Genome Informatics Section, Computational and Statistical Genomics Branch, National Human Genome Research Institute, National Institutes of Health, Bethesda, MD, USA.
Genome Biol. 2020 Sep 14;21(1):245. doi: 10.1186/s13059-020-02134-9.
Recent long-read assemblies often exceed the quality and completeness of available reference genomes, making validation challenging. Here we present Merqury, a novel tool for reference-free assembly evaluation based on efficient k-mer set operations. By comparing k-mers in a de novo assembly to those found in unassembled high-accuracy reads, Merqury estimates base-level accuracy and completeness. For trios, Merqury can also evaluate haplotype-specific accuracy, completeness, phase block continuity, and switch errors. Multiple visualizations, such as k-mer spectrum plots, can be generated for evaluation. We demonstrate on both human and plant genomes that Merqury is a fast and robust method for assembly validation.

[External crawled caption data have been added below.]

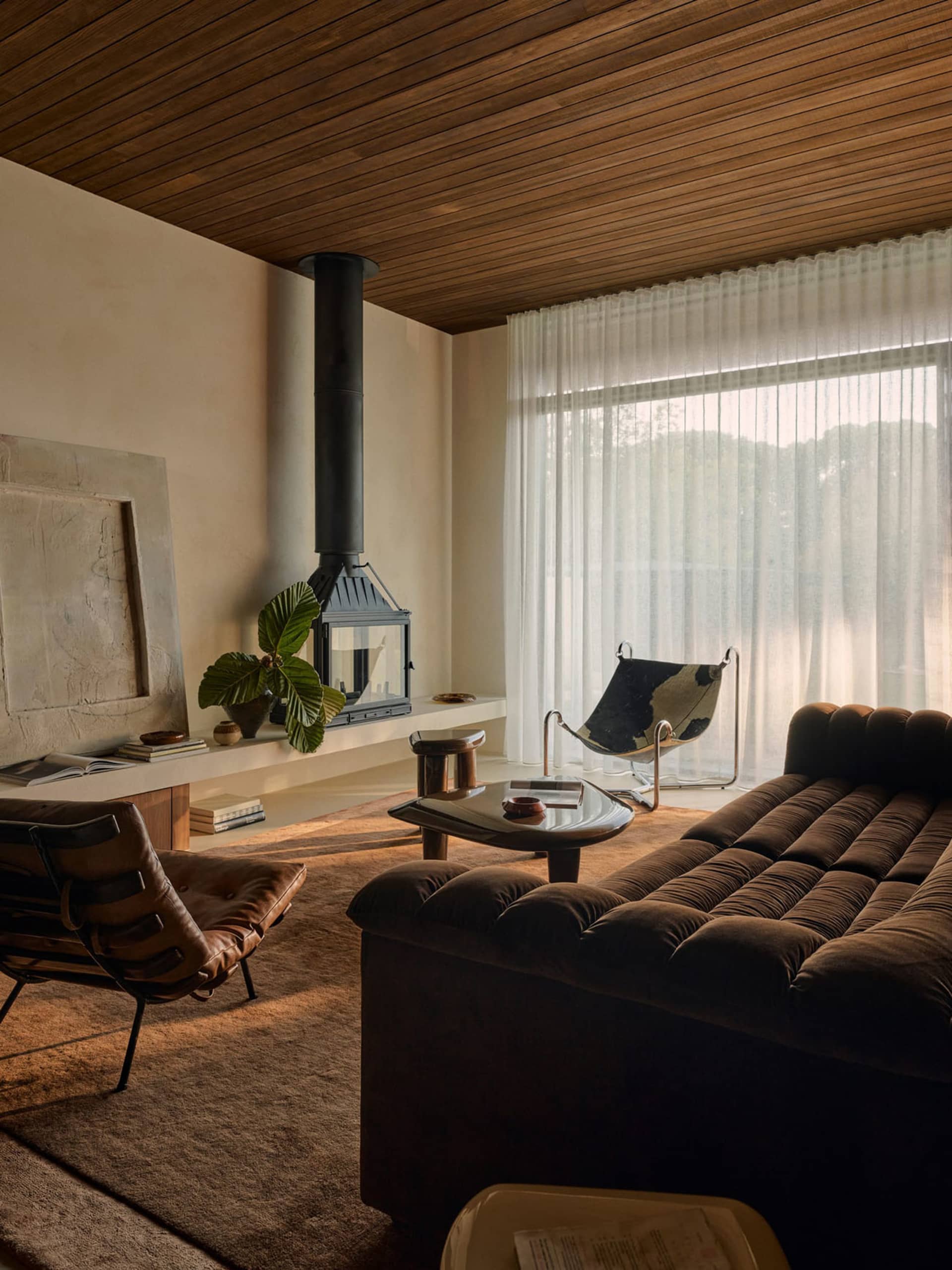 A modern living room featuring a cozy sofa adorned with plush cushions, set against a backdrop of warm wooden walls and ceili
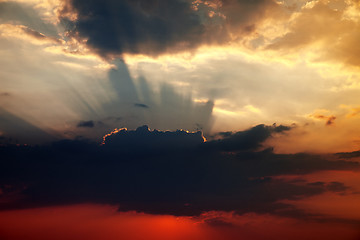 Image showing Sunset sky with dark clouds and sun rays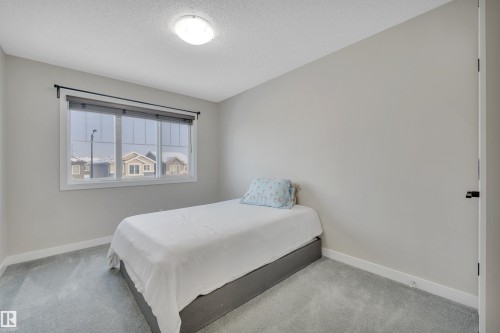 8021 Orchards Green, Edmonton, AB - Indoor Photo Showing Bedroom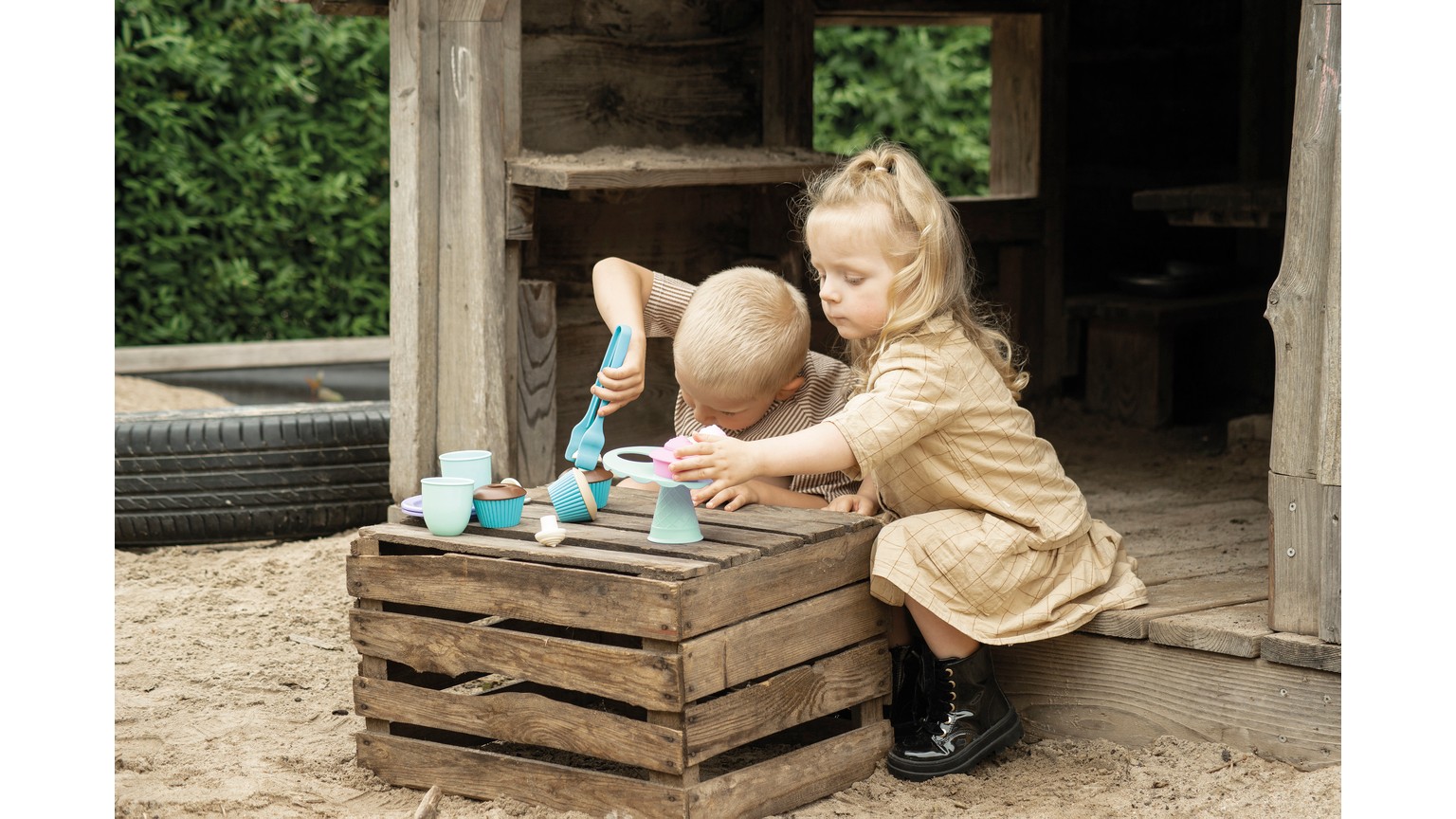 Barn leger med miniature teservice på rustik trækasse udendørs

最近的长读长组装通常超过了可用参考基因组的质量和完整性,使得验证具有挑战性。在这里,我们提出了 Merqury,这是一种基于高效 k-mer 集操作的新型无参考组装评估工具。通过将从头组装中的 k-mer 与未组装的高精度读取中的 k-mer 进行比较,Merqury 可以估计碱基水平的准确性和完整性。对于三体,Merqury 还可以评估单倍型特异性的准确性、完整性、相位块连续性和切换错误。可以生成多种可视化效果,如 k-mer 频谱图,用于评估。我们在人类和植物基因组上的演示表明,Merqury 是一种快速而强大的组装验证方法。